Data → features → training → evaluation → deployment → monitoring, with everything reproducible
"It worked on my laptop" is not an answer production wants. If you can't reproduce a training run — same data, same code, same hyperparameters — you can't debug a regression, satisfy an audit, or safely roll back a bad model.
This is what separates people who trained a model once from people who've kept one alive: knowing which model is in production and how it was made requires understanding pipelines, versioning, and a registry.
Treat a trained model like a compiled binary: it has source inputs (data version, code commit, hyperparameters) and it must be traceable back to them. The pipeline is the build process; experiment tracking is the build log; the model registry is the artifact store with a promotion gate (staging → production) instead of a plain file share.
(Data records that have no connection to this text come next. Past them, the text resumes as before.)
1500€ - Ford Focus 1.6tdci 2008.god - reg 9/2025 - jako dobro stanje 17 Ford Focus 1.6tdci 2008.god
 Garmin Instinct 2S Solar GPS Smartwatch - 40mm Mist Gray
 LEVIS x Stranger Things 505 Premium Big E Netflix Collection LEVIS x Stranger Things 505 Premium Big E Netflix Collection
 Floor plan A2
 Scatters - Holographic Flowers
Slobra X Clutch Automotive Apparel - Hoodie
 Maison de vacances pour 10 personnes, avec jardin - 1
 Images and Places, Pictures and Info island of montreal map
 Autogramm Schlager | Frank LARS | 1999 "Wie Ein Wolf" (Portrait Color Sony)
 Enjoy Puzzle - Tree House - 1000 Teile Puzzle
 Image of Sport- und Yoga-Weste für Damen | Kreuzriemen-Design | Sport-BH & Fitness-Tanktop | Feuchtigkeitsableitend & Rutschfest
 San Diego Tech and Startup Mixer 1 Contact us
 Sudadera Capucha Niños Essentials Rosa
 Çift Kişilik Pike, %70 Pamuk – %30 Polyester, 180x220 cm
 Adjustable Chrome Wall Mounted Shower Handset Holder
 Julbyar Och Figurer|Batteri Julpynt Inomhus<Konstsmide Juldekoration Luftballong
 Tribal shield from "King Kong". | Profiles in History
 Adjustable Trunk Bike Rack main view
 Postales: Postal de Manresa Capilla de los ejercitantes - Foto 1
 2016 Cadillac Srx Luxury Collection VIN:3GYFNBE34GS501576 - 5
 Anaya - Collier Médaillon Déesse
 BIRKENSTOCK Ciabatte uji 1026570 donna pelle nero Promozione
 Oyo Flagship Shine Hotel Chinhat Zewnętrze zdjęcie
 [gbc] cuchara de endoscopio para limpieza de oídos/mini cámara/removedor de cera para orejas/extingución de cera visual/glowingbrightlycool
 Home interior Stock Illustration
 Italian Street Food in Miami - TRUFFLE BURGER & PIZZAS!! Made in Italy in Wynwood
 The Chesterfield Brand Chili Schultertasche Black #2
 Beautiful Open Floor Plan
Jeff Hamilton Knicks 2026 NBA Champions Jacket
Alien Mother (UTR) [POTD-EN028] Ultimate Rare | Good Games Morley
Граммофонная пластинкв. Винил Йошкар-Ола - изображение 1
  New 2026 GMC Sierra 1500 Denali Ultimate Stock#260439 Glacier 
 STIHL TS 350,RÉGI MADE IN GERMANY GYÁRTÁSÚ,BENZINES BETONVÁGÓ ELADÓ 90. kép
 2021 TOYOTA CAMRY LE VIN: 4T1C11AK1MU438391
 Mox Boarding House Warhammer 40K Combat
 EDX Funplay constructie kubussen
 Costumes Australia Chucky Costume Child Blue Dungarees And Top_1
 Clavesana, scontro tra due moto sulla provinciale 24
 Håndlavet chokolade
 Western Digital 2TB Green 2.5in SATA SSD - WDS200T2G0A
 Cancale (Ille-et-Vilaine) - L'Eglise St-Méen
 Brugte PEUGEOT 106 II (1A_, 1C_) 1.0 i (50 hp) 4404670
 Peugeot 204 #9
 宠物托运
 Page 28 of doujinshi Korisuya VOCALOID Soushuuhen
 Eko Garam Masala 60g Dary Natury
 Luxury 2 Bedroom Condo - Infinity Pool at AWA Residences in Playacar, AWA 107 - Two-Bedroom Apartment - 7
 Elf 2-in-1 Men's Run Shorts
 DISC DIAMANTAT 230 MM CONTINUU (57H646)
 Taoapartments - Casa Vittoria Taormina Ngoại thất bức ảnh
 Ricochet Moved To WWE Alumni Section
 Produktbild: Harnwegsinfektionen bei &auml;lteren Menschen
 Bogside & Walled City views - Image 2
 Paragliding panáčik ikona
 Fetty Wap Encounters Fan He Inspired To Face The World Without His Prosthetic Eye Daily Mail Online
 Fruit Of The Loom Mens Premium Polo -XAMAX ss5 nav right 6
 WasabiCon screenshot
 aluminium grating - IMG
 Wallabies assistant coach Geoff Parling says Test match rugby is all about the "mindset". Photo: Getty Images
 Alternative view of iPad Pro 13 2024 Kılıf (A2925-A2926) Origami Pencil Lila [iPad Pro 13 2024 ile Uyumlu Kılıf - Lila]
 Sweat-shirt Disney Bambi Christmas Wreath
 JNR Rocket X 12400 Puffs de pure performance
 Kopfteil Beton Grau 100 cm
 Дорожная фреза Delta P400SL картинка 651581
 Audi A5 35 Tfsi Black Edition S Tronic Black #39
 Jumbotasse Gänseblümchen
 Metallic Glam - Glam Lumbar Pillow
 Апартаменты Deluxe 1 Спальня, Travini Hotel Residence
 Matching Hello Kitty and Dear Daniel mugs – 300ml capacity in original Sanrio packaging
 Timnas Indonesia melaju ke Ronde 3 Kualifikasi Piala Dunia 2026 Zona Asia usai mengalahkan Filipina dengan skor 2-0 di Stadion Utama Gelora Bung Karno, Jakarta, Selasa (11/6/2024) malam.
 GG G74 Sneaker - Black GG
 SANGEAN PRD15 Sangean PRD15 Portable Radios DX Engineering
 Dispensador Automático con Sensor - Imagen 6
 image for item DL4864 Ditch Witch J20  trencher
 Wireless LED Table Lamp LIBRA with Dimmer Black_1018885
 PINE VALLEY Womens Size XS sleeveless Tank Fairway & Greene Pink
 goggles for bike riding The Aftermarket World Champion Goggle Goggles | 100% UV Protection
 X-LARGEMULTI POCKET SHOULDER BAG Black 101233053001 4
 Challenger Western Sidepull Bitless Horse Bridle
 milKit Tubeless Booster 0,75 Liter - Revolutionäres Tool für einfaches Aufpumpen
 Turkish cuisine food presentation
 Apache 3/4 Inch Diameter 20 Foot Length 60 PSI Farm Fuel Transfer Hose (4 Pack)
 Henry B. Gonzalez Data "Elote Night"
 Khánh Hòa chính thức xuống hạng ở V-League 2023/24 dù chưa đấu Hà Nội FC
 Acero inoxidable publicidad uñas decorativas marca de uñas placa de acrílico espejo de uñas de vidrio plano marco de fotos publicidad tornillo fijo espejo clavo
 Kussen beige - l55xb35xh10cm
Every stage should be automated, versioned, and reproducible — a schema change upstream should trigger retraining and evaluation before anything reaches deployment.
Each arrow is a place teams get burned: unversioned features cause training-serving skew, unautomated evaluation lets a worse model slip into production, missing monitoring means nobody notices until users complain.
Every training run should record: hyperparameters, metrics, dataset version, and the code commit that produced it. Without this, "run #47 was better, but why?" is unanswerable.
Common tools: MLflow (open-source, self-hosted friendly), Weights & Biases (rich dashboards, team collaboration), Neptune (metadata-focused). The tool matters less than the discipline of logging every run.
The registry is version control for trained models — it stores artifacts and metadata, and promotes models through named stages instead of leaving "which model is live?" as a Slack question.
Promotion from Staging to Production should be gated on evaluation thresholds, not a manual copy-paste — that gate is where CI/CD for ML picks up.